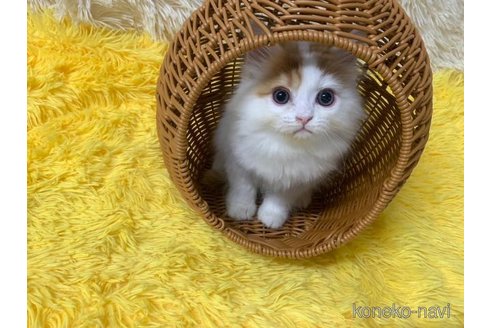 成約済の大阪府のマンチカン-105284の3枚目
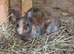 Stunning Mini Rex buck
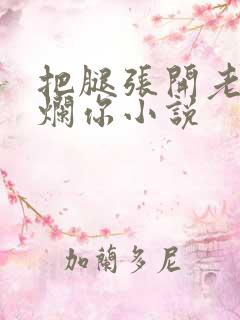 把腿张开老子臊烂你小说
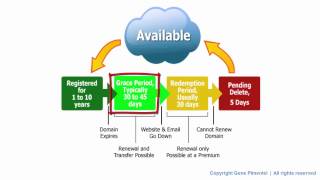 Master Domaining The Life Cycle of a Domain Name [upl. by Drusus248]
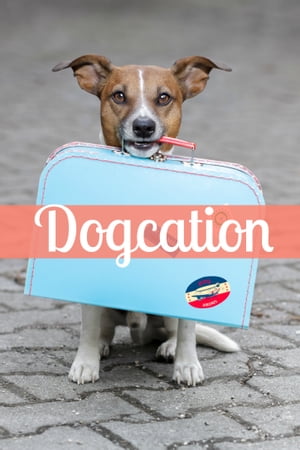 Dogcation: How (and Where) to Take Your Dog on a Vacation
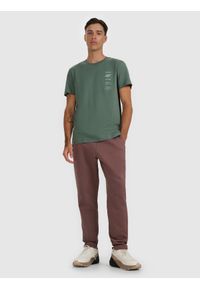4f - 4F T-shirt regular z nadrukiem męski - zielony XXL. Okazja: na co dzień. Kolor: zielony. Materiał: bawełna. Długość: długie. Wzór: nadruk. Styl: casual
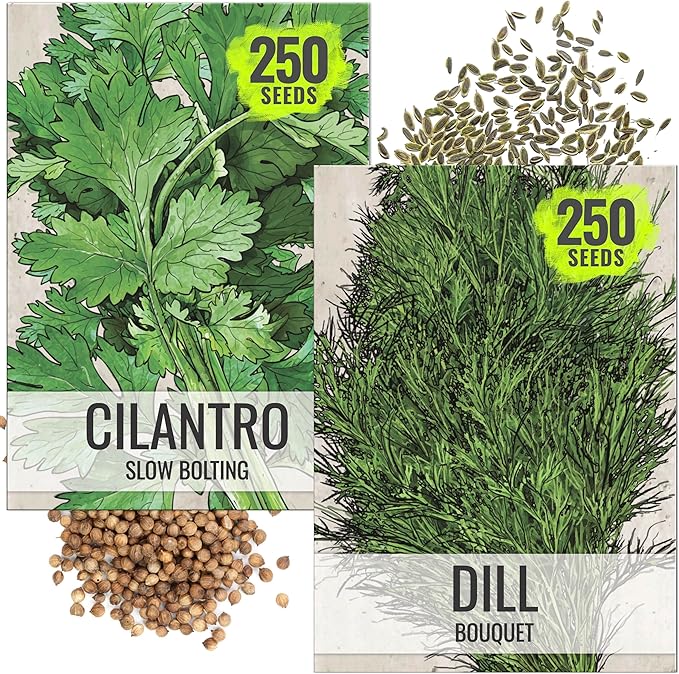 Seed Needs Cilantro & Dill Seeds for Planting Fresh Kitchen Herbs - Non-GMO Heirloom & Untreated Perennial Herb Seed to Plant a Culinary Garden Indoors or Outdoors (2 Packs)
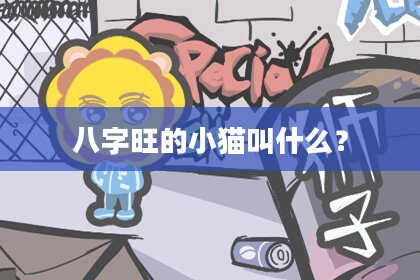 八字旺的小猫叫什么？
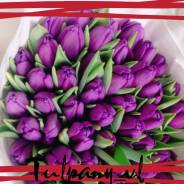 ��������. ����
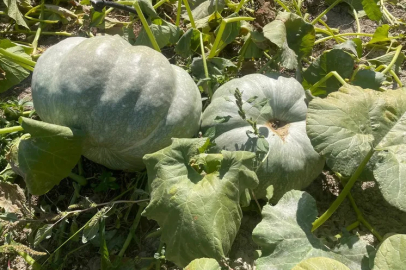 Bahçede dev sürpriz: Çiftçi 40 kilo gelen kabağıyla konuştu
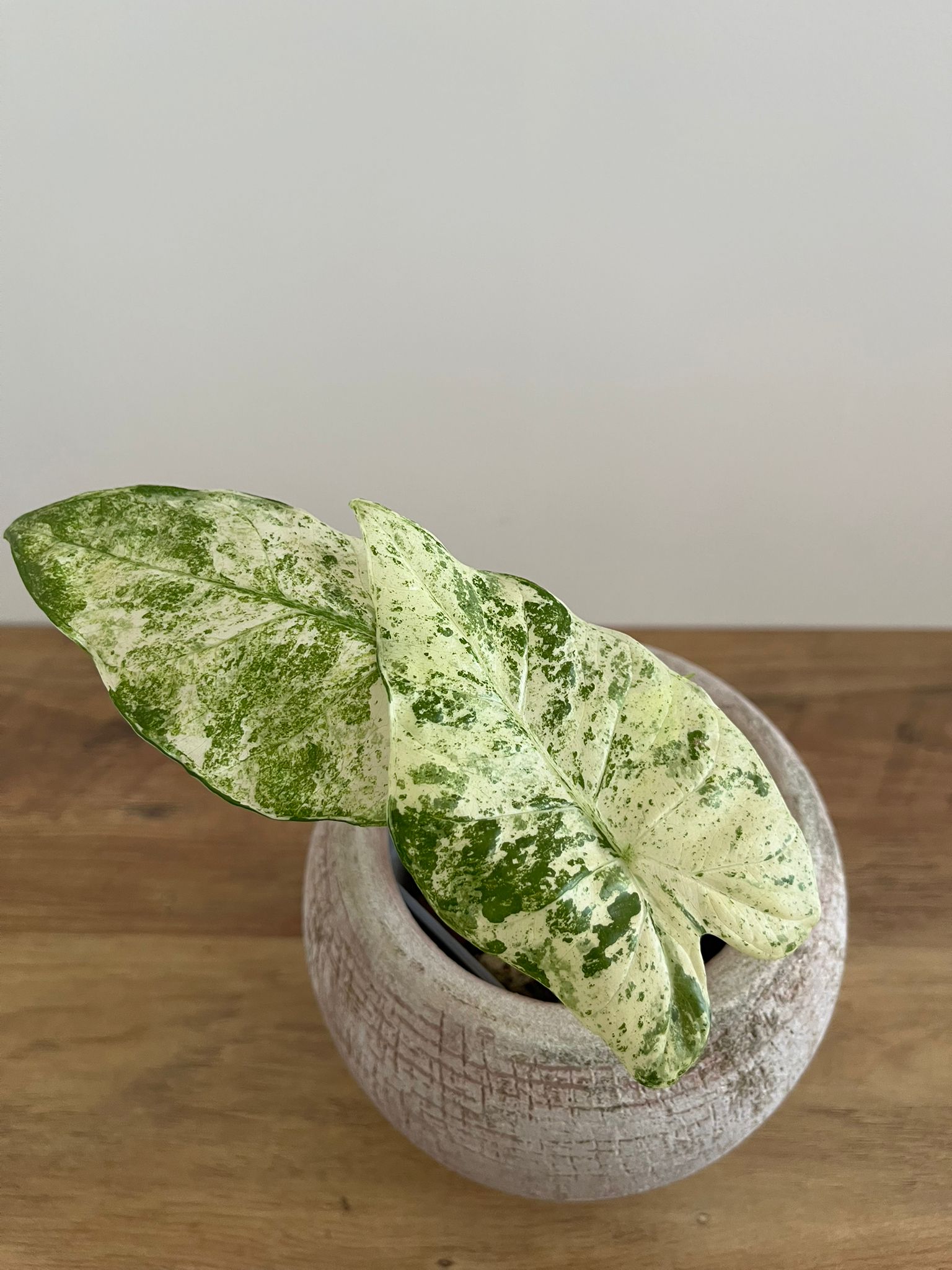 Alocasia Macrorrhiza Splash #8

Directions for this task: Give the entries above again, exactly as written and free of images.

Task solution:
 成約済の大阪府のマンチカン-105284の3枚目
 Stunning Mini Rex buck
 把腿张开老子臊烂你小说
 Master Domaining The Life Cycle of a Domain Name [upl. by Drusus248]
 Dogcation: How (and Where) to Take Your Dog on a Vacation
4f - 4F T-shirt regular z nadrukiem męski - zielony XXL. Okazja: na co dzień. Kolor: zielony. Materiał: bawełna. Długość: długie. Wzór: nadruk. Styl: casual
 Seed Needs Cilantro & Dill Seeds for Planting Fresh Kitchen Herbs - Non-GMO Heirloom & Untreated Perennial Herb Seed to Plant a Culinary Garden Indoors or Outdoors (2 Packs)
 八字旺的小猫叫什么？
 ��������. ����
 Bahçede dev sürpriz: Çiftçi 40 kilo gelen kabağıyla konuştu
 Alocasia Macrorrhiza Splash #8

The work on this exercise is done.